Sure. Let me know when and where.


----------



## Tom (Jun 11, 2010)

Congratulations Sam mate. You deserve it after all the time and effort you put into the novel. I'd buy it, but my on-line shopping ability is non existent, so I'll have to wait until I get some kind of online credit card or something. Who knows?

I'd just like to say as well, it's this kind of thing that gives me, and I'm sure other writers, the kind of inspiration to keep at it. We'd all love to be smiling like you right now, that's for sure.

Once again, Congrats


----------



## Linton Robinson (Jun 11, 2010)

> Another good friend and author told me that I should change the name,make a few minor adjustments, and look for an agent post-haste. Wouldthere be any problems with that? Like first-rights stuff?Traditional-publishing houses don't want a novel that's already beenout there, but his advice was to make subtle changes and try my luck.



That's a misconception, based partly on the whole expanding wives' rumors that pass for advice on the internet and writing networks, and changes in the way things work.

It's not uncommon at all for SP books to get picked up by majors these days.   You're an agent.  Two guys come in with books.  One is a first novel.  The other is a novel that has sold copies, gotten great reviews, has an internet presence and fanhood, has an author who is comfortable with promotion and knows how to do.... which one do you like, all else being equal?

I recently asked a board or four agents and two publishers at a conference about that.  Every single one of them said they liked a track record.  Both publishers mentioned books they had picked up.  One mentioned a book that sold 500 SP and they'd done 5000 of them so far.   

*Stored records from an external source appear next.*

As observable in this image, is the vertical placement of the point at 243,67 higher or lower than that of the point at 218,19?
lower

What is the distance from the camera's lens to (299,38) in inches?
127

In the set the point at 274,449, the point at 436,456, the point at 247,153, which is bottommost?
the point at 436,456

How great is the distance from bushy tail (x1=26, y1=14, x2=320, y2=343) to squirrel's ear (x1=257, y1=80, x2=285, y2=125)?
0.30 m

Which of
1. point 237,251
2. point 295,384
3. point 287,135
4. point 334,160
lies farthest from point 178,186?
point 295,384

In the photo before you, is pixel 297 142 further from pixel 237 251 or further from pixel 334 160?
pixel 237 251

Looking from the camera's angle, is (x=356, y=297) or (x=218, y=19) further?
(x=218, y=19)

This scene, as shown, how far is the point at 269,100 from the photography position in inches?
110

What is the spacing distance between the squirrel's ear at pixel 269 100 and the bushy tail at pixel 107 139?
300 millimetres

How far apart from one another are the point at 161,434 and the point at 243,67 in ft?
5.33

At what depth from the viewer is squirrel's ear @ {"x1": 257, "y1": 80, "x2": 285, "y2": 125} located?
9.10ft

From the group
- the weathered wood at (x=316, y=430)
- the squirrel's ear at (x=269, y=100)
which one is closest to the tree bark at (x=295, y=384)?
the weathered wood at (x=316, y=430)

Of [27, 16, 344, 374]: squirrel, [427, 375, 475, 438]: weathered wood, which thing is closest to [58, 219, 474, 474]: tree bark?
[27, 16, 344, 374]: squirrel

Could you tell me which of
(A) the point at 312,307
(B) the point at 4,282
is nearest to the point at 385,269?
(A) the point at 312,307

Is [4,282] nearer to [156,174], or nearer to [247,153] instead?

I don't know why you'd want to change the title (Some of  us like derelicts)  but if you can make your book walk around and get read, the chances of cutting a deal are improved and there's no question about it.


----------



## Baron (Jun 11, 2010)

Sam W said:


> It's amazing. To actually be compared to great thriller writers like Clancy and Ludlum -- doesn't get much better than that. It's a rush like no other. Someone will have to surgically remove the smile from my face.
> 
> Another good friend and author told me that I should change the name, make a few minor adjustments, and look for an agent post-haste. Would there be any problems with that? Like first-rights stuff? Traditional-publishing houses don't want a novel that's already been out there, but his advice was to make subtle changes and try my luck.


 
Congratulations, Sam, and what Lin says in regard to agents is spot on.  Editors of magazines published by internet forums seem to be the ones who really get their knickers in a twist about publishing first rights issues these days.


----------



## Foxee (Jun 11, 2010)

Why do I have to read this when I'm flat broke, Sam....WHY?! I love thrillers and I want to get my hands on this book! Congrats on an absolutely fantabulous review.


----------



## Sam (Jun 11, 2010)

Lin -- Thanks for clearing that misconception up. I like derelicts too. 

Baron -- It seems that's the way, all right. 

Foxee -- Sorry! 

Not to shamelessly plug it or anything, but I guess I'm better leave the address where anyone who wants to can purchase the novel: www.lulu.com/product/paperback/dereliction-of-duty/10635704


----------



## alanmt (Jun 11, 2010)

Sam, that's fantastic!  Good work, and nice bit of luck, man.


----------



## Baron (Jun 11, 2010)

Sam W said:


> Lin -- Thanks for clearing that misconception up. I like derelicts too.
> 
> Baron -- It seems that's the way, all right.
> 
> ...


 
Why not put the link on the advertising forum, Sam.  That's what it's there for.


----------



## Sam (Jun 11, 2010)

I keep meaning to do that and I keep forgetting. One way to solve that . . . 

Thanks, Allen.


----------



## Mike C (Jun 13, 2010)

Which City newspaper was this, Sam? It's certainly a glowing review, congratulations.


----------



## Sam (Jun 13, 2010)

The Armagh-Down Observer.

Thanks, Mike.


----------



## Like a Fox (Jun 13, 2010)

I loved reading that, Sam. Congratulations. How inspiring. 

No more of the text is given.